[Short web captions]
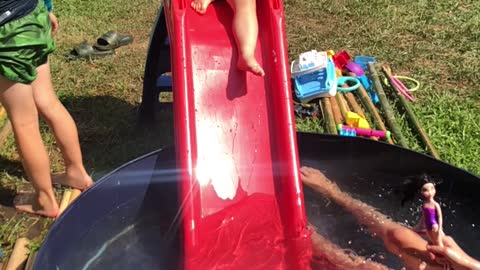 Brother unexpectedly pushes little sister down water slide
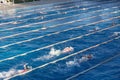 Young swimmers in outdoor swimming pool during freestyle race. Health and fitness lifestyle. Royalty Free Stock Photo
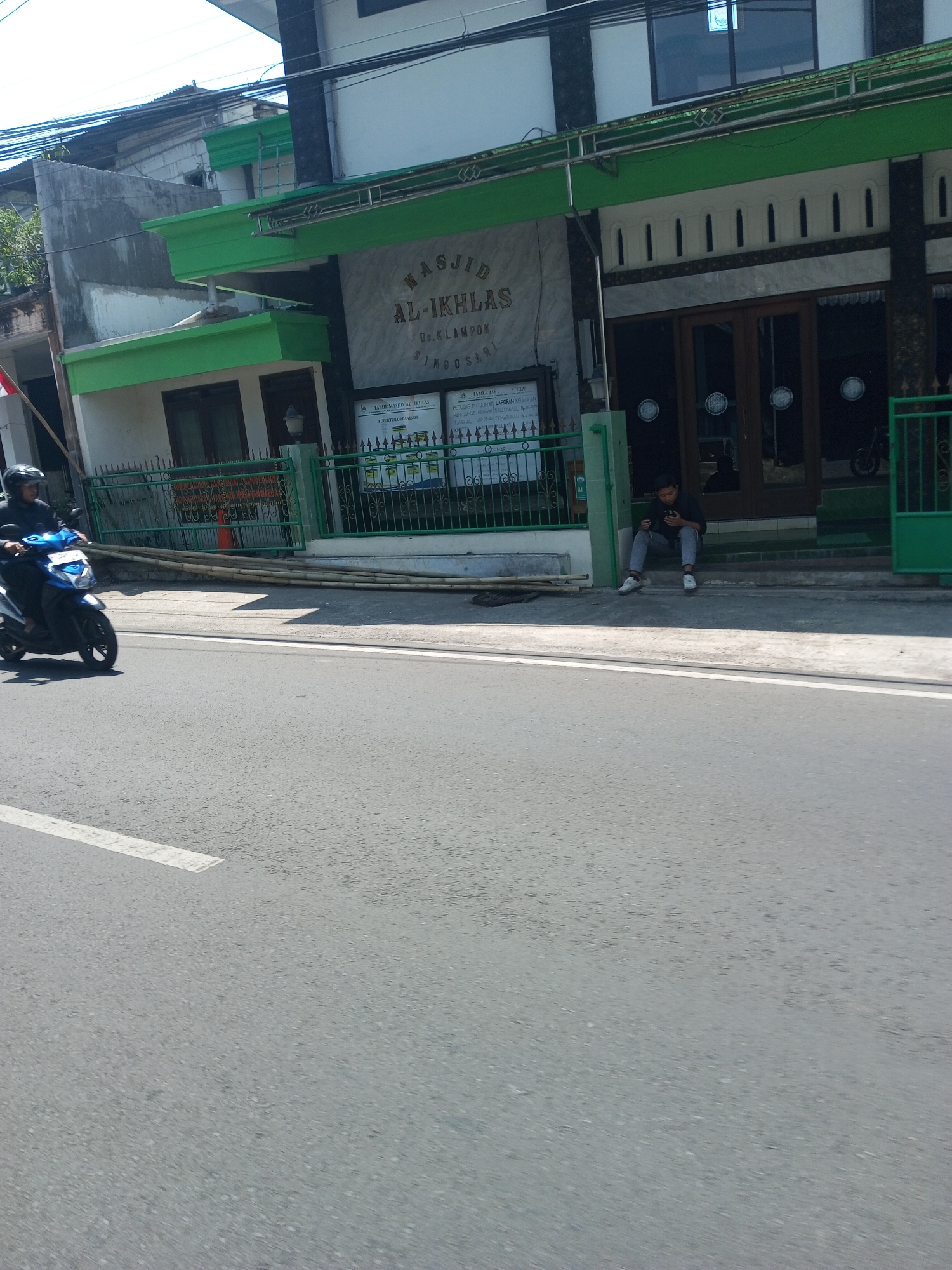 The image shows the exterior of the Al-Ikhlas Mosque in Klampok, Indonesia. In the foreground, a person is riding a blue and white scooter on a paved road. To the right, a young person is sitting on the steps of the mosque, looking at their phone. The mosque has a green trim and a sign that reads "MASJID AL-IKHLAS". Several informational boards are displayed on the wall of the mosque, and a green fence encloses the property. The sky is clear and the sun is shining.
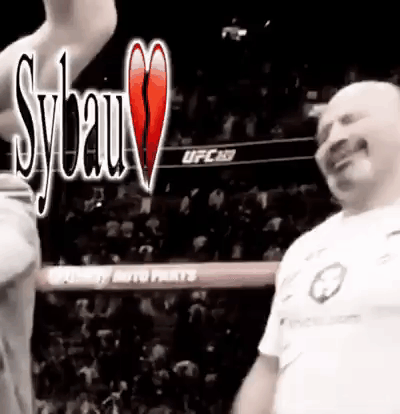 A Man In A White Shirt Is Standing In A Boxing Ring With A Crowd In The Background . GIF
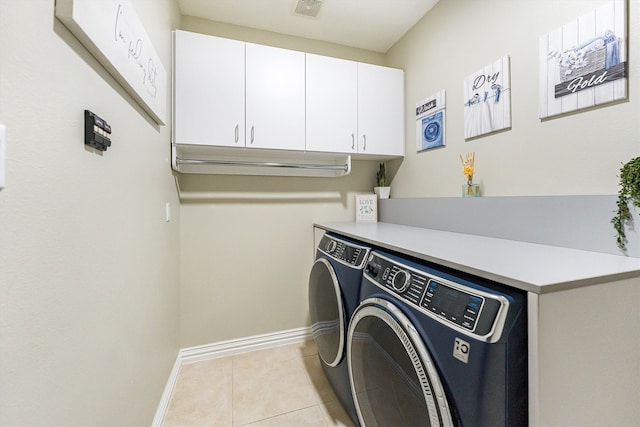 33519 Hillside Dr, Pinehurst, TX 77362 - washroom featuring cabinet space, independent washer and dryer, baseboards, and light tile patterned floors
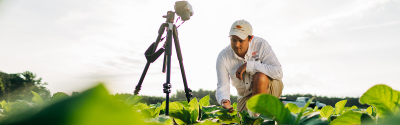 Image of man taking pictures in a field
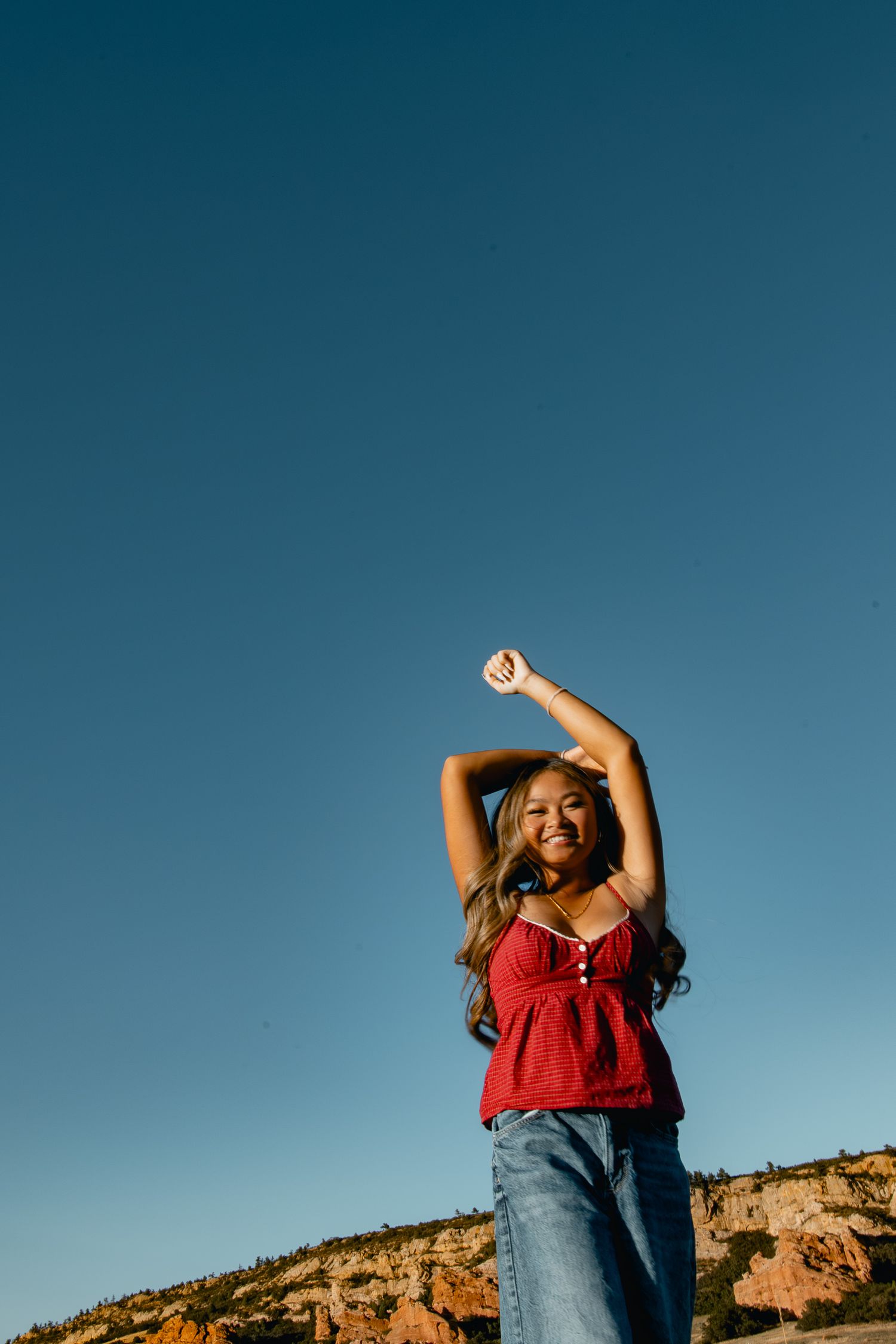 A person in a red tank top and jeans stretches their arms up against a vivid blue sky and rocky landscape.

(PROBLEM DESCRIPTION) Excluding the pictures, write out exactly the lines from the line that contains "33519 Hillside Dr, Pinehurst, TX" through the end of the records.

(TASK RESULT)
 33519 Hillside Dr, Pinehurst, TX 77362 - washroom featuring cabinet space, independent washer and dryer, baseboards, and light tile patterned floors
 Image of man taking pictures in a field
 A person in a red tank top and jeans stretches their arms up against a vivid blue sky and rocky landscape.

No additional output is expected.